Jogadores brasileiros em seleções do estrangeiro: a qual nação pertencem? |
|||
Doutor em Educação Física e Cultura. Professor Adjunto das Faculdades Integradas Maria Thereza e UNISUAM. Rio de Janeiro |
Prof. Dr. Carlos Henrique de Vasconcellos Ribeiro c.henriqueribeiro@ig.com.br (Brasil) |
|
|
|
|||
http://www.efdeportes.com/ Revista Digital - Buenos Aires - Año 10 - N° 85 - Junio de 2005 |
1 / 1
Introdução
O objetivo desse trabalho é discutir, a partir do discurso da mídia esportiva, as relações entre identidade, pertencimento e nação entre os jogadores brasileiros de futebol que jogam em outros países e que atualmente adquiriram outra nacionalidade1.
Compreendemos que os jogadores de futebol brasileiros que estão jogando em outras seleções nacionais, os sentidos de identidade, pertencimento e nacionalidade são equacionados de forma diferente em suas vidas.
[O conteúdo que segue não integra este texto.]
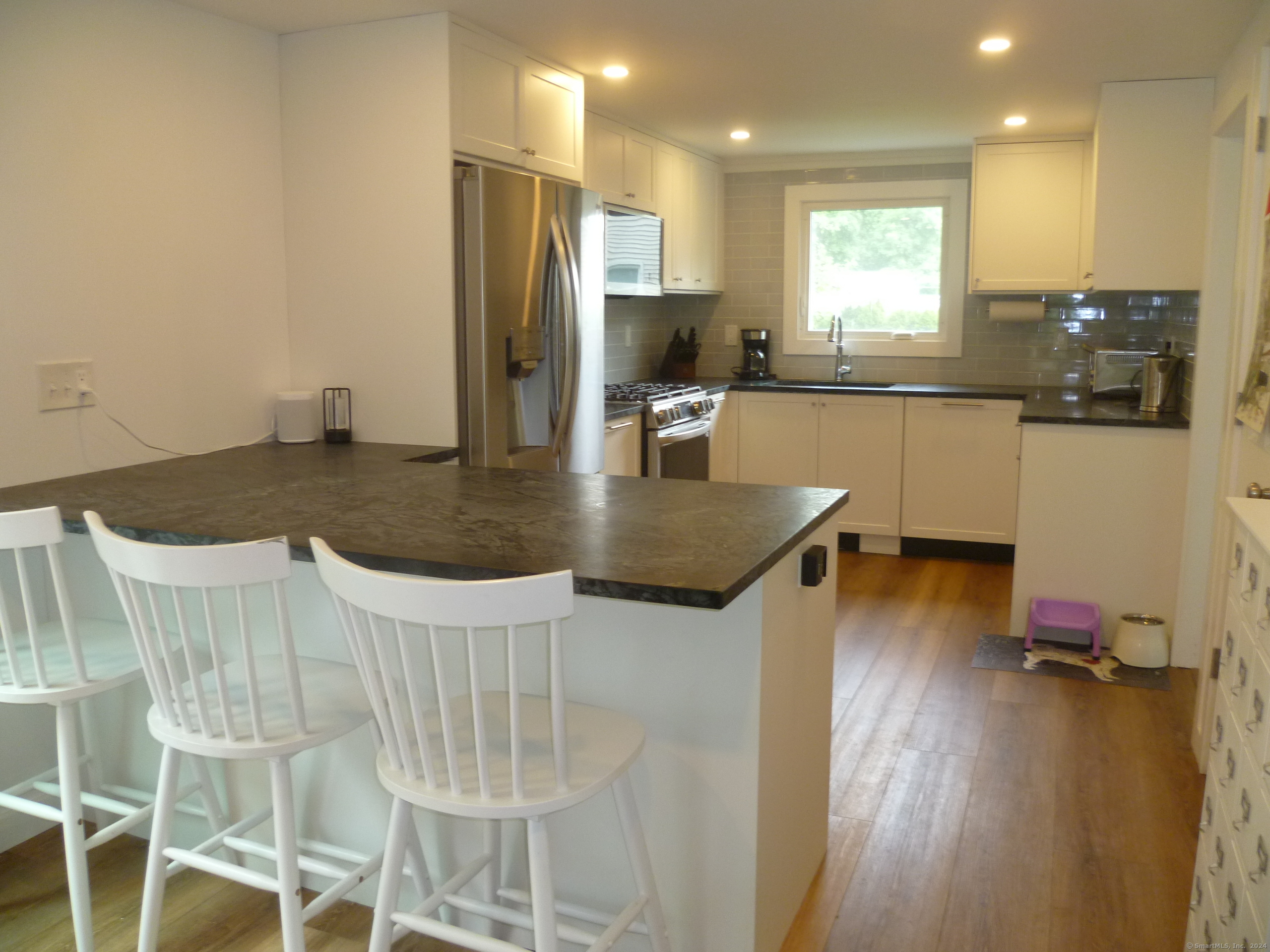 6 Sunset Lane Clinton, CT 06413 - Photo 5 of 27 a kitchen with kitchen island a appliances a sink and cabinets
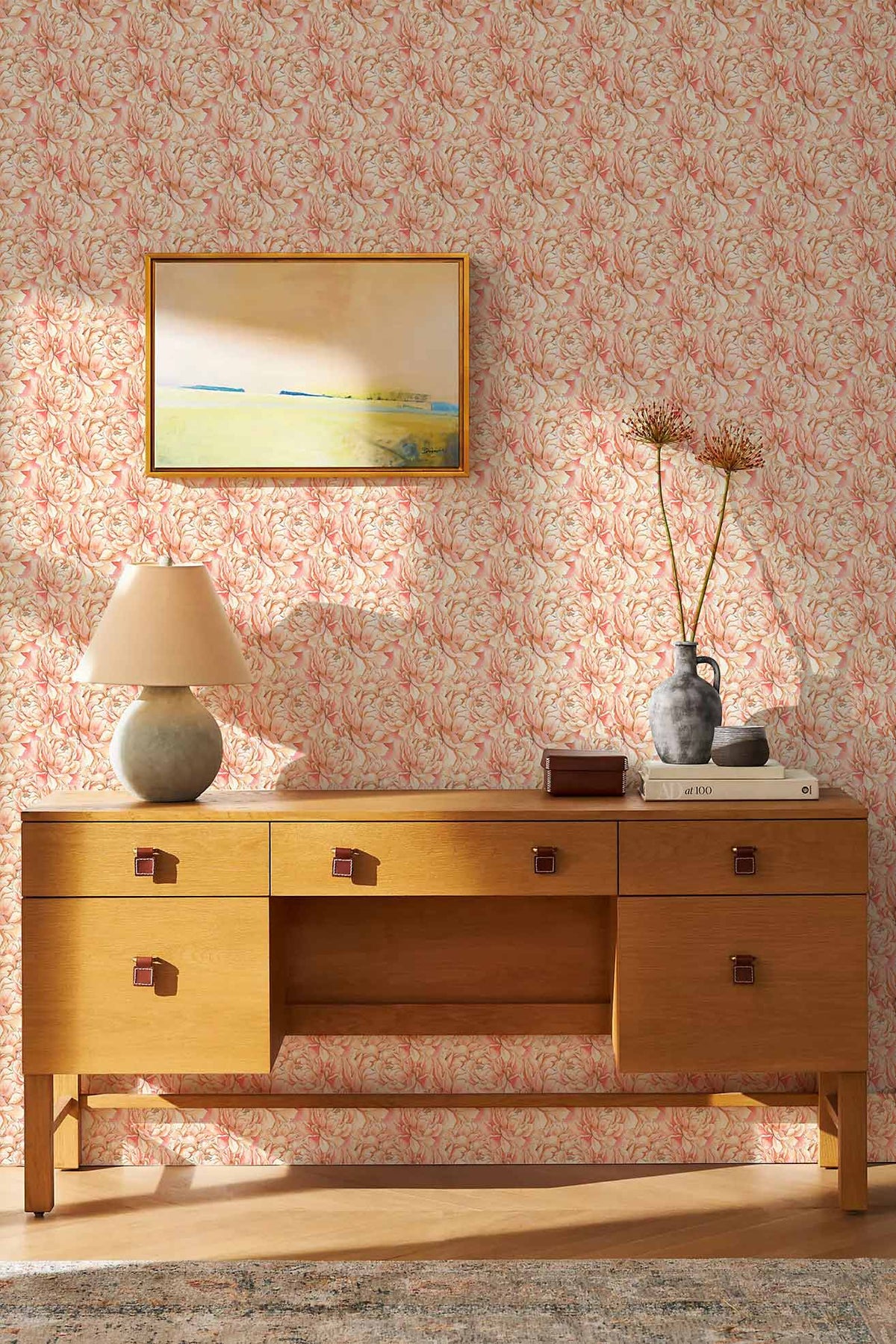 Elegant vintage floral wallpaper, soft pink and cream, wooden console, lamp, artwork, light wood flooring.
De forma mais restrita para o mundo do futebol, não podemos mais afirmar que eles são considerados "brasileiros", já que segundo o regulamento interno da FIFA, jogadores que atuam em seleções nacionais, em qualquer categoria, são proibidos de vestirem outra camisa de outro país durante sua carreira esportiva2.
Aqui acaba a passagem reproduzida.